VOL Board Approves New $472K Fire Engine
by Judy Silberstein
(February 1, 2007) The Larchmont Fire Department's Engine 35, purchased in 1965, is getting a replacement. It's been a lengthy process, but Fire Chief Chris MacDonald told the Village Board that he was ready to recommend the purchase of a new engine from the American LaFrance Corporation, the same company that built Larchmont’s Engine One in 1922. There were three bids ranging from $472K to $519K, with almost identical features, and the American LaFrance bid was the lowest.
The Village has been short an engine for some time while Village and Fire Department officials researched the options, drew up specifications and analyzed competing bids. Actually, the need for a replacement was first raised in 1996, said Deputy Chief Tom Broderick. "It kept getting pushed back, pushed back and pushed back."
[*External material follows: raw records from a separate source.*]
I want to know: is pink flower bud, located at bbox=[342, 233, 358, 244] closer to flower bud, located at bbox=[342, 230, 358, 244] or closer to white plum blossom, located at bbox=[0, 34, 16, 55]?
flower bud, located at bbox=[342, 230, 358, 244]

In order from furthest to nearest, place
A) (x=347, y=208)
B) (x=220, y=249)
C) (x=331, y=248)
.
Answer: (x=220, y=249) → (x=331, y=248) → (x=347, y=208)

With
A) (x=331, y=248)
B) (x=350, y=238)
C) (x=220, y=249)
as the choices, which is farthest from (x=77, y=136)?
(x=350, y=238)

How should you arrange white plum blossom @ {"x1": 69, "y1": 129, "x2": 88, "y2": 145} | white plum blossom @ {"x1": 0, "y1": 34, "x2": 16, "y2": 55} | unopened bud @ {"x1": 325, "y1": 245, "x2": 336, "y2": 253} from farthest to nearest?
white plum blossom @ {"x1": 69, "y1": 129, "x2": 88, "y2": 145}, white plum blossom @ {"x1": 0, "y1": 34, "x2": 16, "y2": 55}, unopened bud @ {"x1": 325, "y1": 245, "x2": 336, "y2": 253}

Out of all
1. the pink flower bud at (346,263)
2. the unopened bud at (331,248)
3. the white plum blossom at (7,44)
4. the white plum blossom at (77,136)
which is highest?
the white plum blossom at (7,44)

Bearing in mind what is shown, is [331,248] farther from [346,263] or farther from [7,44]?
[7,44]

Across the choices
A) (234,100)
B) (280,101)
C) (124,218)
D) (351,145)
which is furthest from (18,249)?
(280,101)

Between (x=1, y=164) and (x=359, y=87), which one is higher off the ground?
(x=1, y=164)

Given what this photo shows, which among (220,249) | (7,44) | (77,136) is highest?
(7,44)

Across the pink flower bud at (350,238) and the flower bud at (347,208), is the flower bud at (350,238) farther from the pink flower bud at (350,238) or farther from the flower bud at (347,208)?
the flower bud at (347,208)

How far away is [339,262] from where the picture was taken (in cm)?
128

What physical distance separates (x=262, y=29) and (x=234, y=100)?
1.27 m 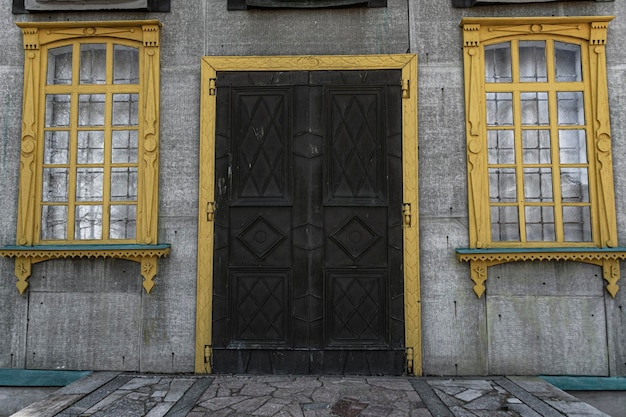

Since then, the old engine, after more than 40 years of service, was deemed beyond repair. "It's gone to a happier place," joked the chief. It was sold and is being used to hose down the sidewalks at Hunts Point in the Bronx.
Meanwhile, Larchmont has had to call on neighboring departments to supply apparatus in numerous instances. Chief MacDonald and Deputy Chief Tom Broderick explained the situation could not go on indefinitely. In a mutual aid system, like the one Larchmont participates in, you have to "give aid to receive aid." There have been times "we've been so debilated we could not respond," said Chief MacDonald.
Furthermore, there has been additional stress on the existing apparatus, he said.
Larchmont’s new engine’s primary job will be to respond to automobile collisions, hazardous materials incidents, ice rescues and medical calls. It's numerous compartments will allow all the specialized equipment to remain on the truck, ready for use. Currently, gear is stowed in large plastic bins that have to be hauled on and off a truck, depending on the nature of the call. That wastes time and effort, said firefighter Steve Forest.
The new engine will be able to project foam onto an oily or flammable liquid fire, and support rescue equipment such as the “jaws of life” that can force open a crumpled car door to reach an accident victim inside. In addition, it will be able to pump water on a structural fire.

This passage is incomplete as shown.